From top to bottom the outflows extend 50,000 light-years out of the galactic plane, which is equal to half the diameter of our galaxy.
Seen from Earth, the outflows stretch about two-thirds across the sky from horizon to horizon.
The outflows correspond to a "haze" of microwave emission previously spotted by the WMAP and Planck space telescopes and regions of gamma-ray emission detected with NASA's Fermi space telescope in 2010, which were dubbed the "Fermi Bubbles".
The WMAP, Planck and Fermi observations did not provide enough evidence to indicate definitively the source of the radiation they detected, but the new Parkes observations do.

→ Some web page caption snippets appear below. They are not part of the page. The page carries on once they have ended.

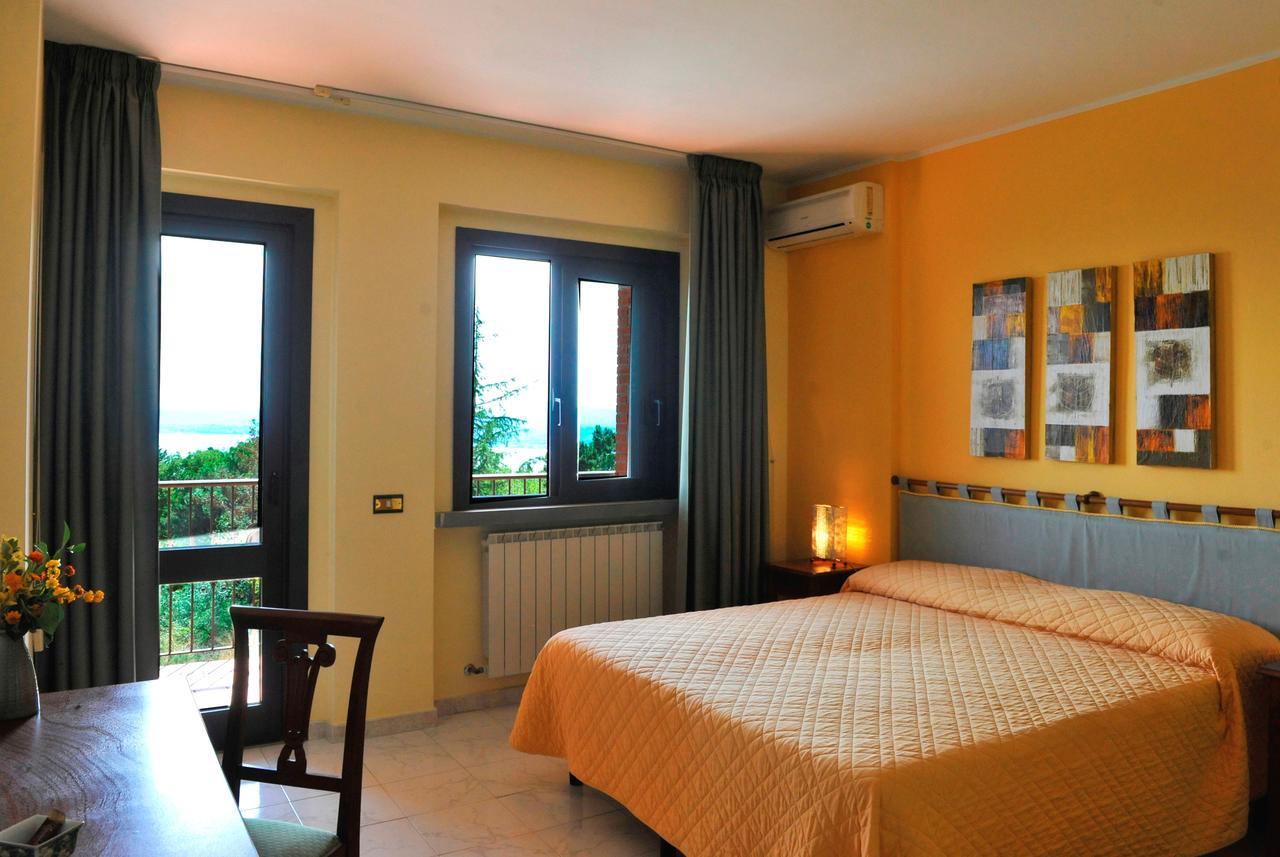 B&B Villa Sensi Tuoro sul Trasimeno Eksteriør billede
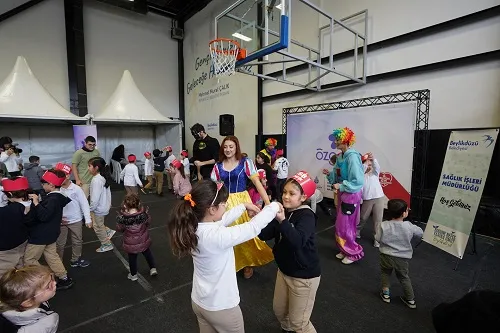 “SOSYAL BELEDİYECİLİK ŞENLİĞİ” RENKLİ GÖRÜNTÜLERE SAHNE OLDU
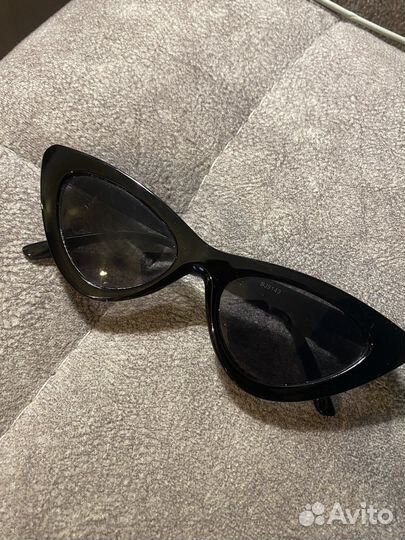 Солнцезащитные очки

"The options were a quasar-like outburst from the black hole at the galactic center, or star-power-the hot winds from young stars, and exploding stars," team member Dr. Gianni Bernardi from the Harvard-Smithsonian Center for Astrophysics, in Cambridge, Massachusetts, said.
"Our observations tell us it's star-power," Bernardi said.
In fact, the outflows appear to have been driven by many generations of stars forming and exploding in the galactic centre over the last hundred million years.
The key to determining this was to measure the outflows' magnetic fields.
"We did this by measuring a key property of the radio waves from the outflows-their polarization," team member Dr. Roland Crocker from the Australian National University said.
The new observations also help to answer one of astronomers' big questions about our galaxy: how it generates and maintains its magnetic field.
"The outflow from the galactic centre is carrying off not just gas and high-energy electrons, but also strong magnetic fields," team member Dr. Marijke Haverkorn from Radboud University Nijmegen in The Netherlands said.
"We suspect this must play a big part in generating the galaxy's overall magnetic field," Haverkorn added.